New forms of painting must innovate beyond that, in the realm of physics, not just aesthetics. Yet members of Chanda’s lab stumbled upon their innovation by accident. They hadn’t planned to paint. They wanted to make a mirror, more specifically a long continuous aluminum mirror, built using an instrument called an electron beam evaporator. But with each attempt, they noticed small “nanoislands”, clumps of aluminum atoms small enough to be invisible but large enough to disrupt the glow of the mirror. Nano-islands appeared all over the surface of what was no longer – frustratingly – a continuous mirror. “It was really boring,” Chanda recalls.
Then came an epiphany: this disturbance was doing something useful.

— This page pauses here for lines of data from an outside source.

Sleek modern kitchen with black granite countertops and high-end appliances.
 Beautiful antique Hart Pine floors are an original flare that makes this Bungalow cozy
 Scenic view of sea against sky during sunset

When ambient white light hits the aluminum nanoparticles, the metal’s electrons can be excited, they oscillate or resonate. But when the dimensions dip into the nanoscale, the atoms get even finer. Depending on the size of the aluminum nanoparticle, its electrons will only oscillate for certain wavelengths of light. This returns ambient light as a fraction of what it was: a single color. The layering of aluminum particles on a reflective surface – like this mirror they had tried to build – had amplified the colored effect.
What color? It depends on the size of the nano-islands. “Just by moving the dimension, you can actually create all colors,” says Chanda. Unlike pigments, which require a different base molecule, such as cobalt or purple snail slime— for each color, the base molecule for this process is always aluminum, just cut into pieces of different sizes that oscillate to light up at different wavelengths.
It was time to paint. The band process begins with a very thin sheet of double-sided mirror. The researchers coated each side with a transparent spacer material that helps amplify the color effect. Then they grew islands of metallic nanoparticles on both sides of the sheet. To make this material compatible with binders or oils used in paint, they dissolved large sheets of it into colored flakes about as fine as powdered sugar. Finally, once they had created enough colors for a small rainbow, they could paint a butterfly.
Because structural color can cover an entire surface with just a thin, ultralight layer, Chanda believes this will be a game-changer for airlines. A Boeing 747 needs about 500 kilograms of paint. He estimates that his paint could cover the same area with 1.3 kg. That’s over 1,000 pounds shaved off each plane, which would reduce the amount of fuel needed per trip.